The Savage Mind
- Cover of the first edition
- Author: Claude Lévi-Strauss
- Original title: La Pensée sauvage
- Translator: Anonymous
- Language: French
- Subjects: Anthropology Structuralism
- Publisher: Librairie Plon (Paris)
- Publication date: 1962
- Publication place: France
- Published in English: 1966
- Media type: Print

= The Savage Mind =

1962 book by Claude Lévi-Strauss

The Savage Mind (La Pensée sauvage), also translated as Wild Thought, is a 1962 work of structural anthropology by the anthropologist Claude Lévi-Strauss.

== Summary ==

=== "The Savage Mind" ===

Lévi-Strauss makes clear that "la pensée sauvage" refers not to the discrete mind of any particular type of human, but rather to 'untamed' human thought: "In this book it is neither the mind of savages nor that of primitive or archaic humanity, but rather mind in its untamed state as distinct from mind cultivated or domesticated for the purpose of yielding a return."

Savage thought, Lévi-Strauss argues, continually gathers and applies structures wherever they can be used. If scientific thought is represented by the engineer who asks a question and tries to design an optimal or complete solution, savage thought resembles the bricoleur, who constructs things using whatever materials are at hand.

One of Lévi-Strauss's many examples is the relationship between two Australian groups, the Aranda and the Arabanna. The Aranda have a complex system for intermarriages that divides all people into two groups and then four stages within each group. The system specifies where the children will live and how they will marry. The Arabanna use a different system for marriages, but somehow use the Aranda's marriage system for determining the sex and affiliation of reincarnated spirits. The structure has been borrowed and transposed, appropriated because of its ability to generate a certain economy independently of its substrate.

=== Critique of totemism ===

Lévi-Strauss (continuing the argument from Totemism, his previous work) criticizes the concept of totemism for arbitrarily prioritizing a particular structural relation. He admits the reality of totemism, in which, within a larger group, smaller groups distinguish themselves through identification with a plant or animal. He denies, however, that totemic societies differ fundamentally from societies that divide people on the basis of caste. Totems, he argues, are just another way to create necessary distinctions within a larger group. These distinctions may have greater or lesser practical significance, but ultimately:

Totemism, which has been rendered amply formal in 'primitive language', could at the cost of a very simple transformation equally well be expressed in the language of the regime of castes which is quite the reverse of primitive. This is already sufficient to show that we are here dealing not with an autonomous institution, which can be defined by its distinctive properties and is typical of certain regions of the world and certain forms of civilization but with a modus operandi which can be discerned even behind social structures traditionally defined in a way diametrically opposed to totemism.

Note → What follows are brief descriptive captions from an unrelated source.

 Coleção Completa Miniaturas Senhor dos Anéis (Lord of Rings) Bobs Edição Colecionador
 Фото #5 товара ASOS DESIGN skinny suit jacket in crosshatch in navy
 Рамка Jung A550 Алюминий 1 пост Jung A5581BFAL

In other words, the operation of identifying with a totem is secondary to the underlying process of re-appropriating structure (for example, observed differences between animals) for the purposes of society.

== English translation ==
The English translation of The Savage Mind appeared in 1966. However, the anthropologist Clifford Geertz called the translation "execrable" and insisted on using his own translations from the French edition. A new translation by Jeffrey Mehlman and John Leavitt was published under the title Wild Thought in 2021.

== Reception ==

The Savage Mind was one of the earliest works of structural anthropology and had a large influence on the field of anthropology.

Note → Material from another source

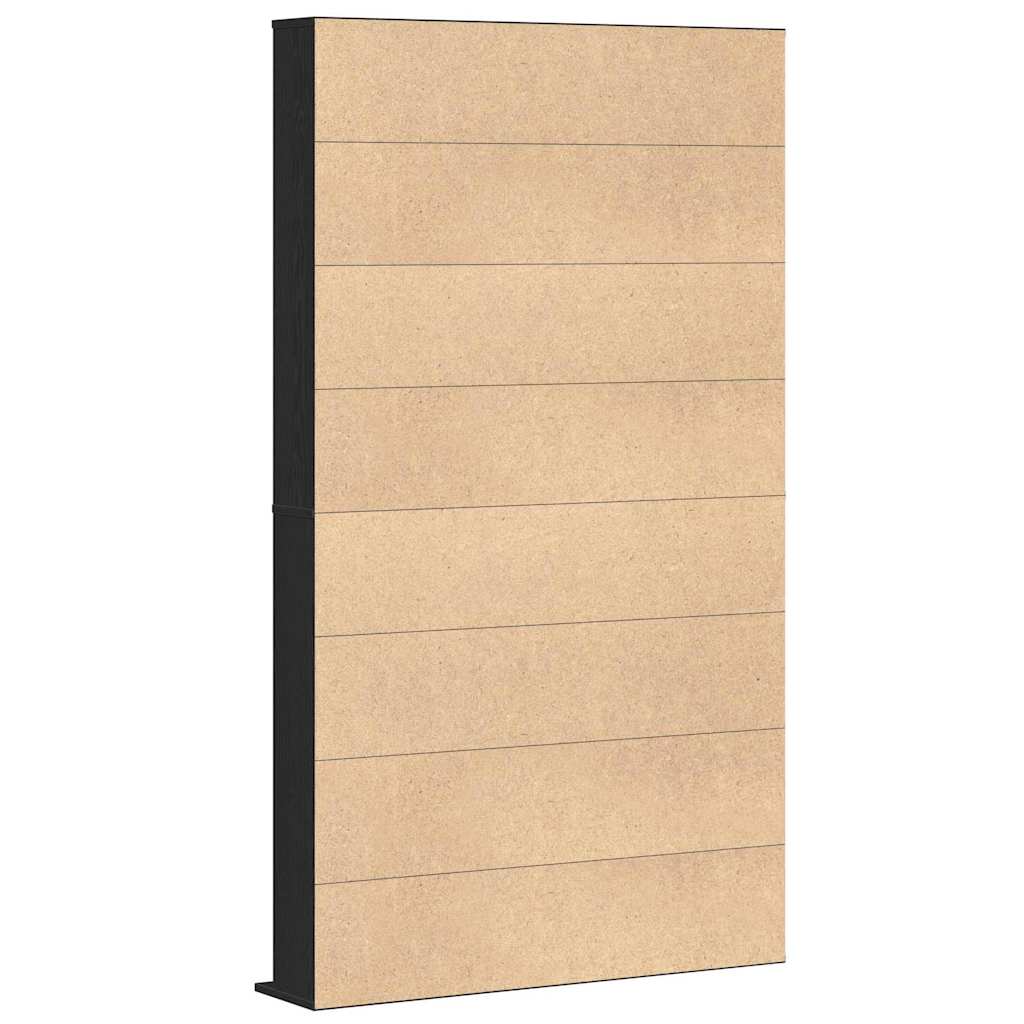CD ormar Crni hrast 101 x 23 x 177,5 cm Konstruirano drvo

The book also played a role within the larger currents of structuralism and post-structuralism. The application of bricolage to social structure provided the inspiration for the philosopher Jacques Derrida's essay "Structure, Sign and Play". The idea that social structures can be transposed and recontextualized also plays a large role in the philosopher Gilles Deleuze and the psychoanalyst Félix Guattari's Capitalism and Schizophrenia.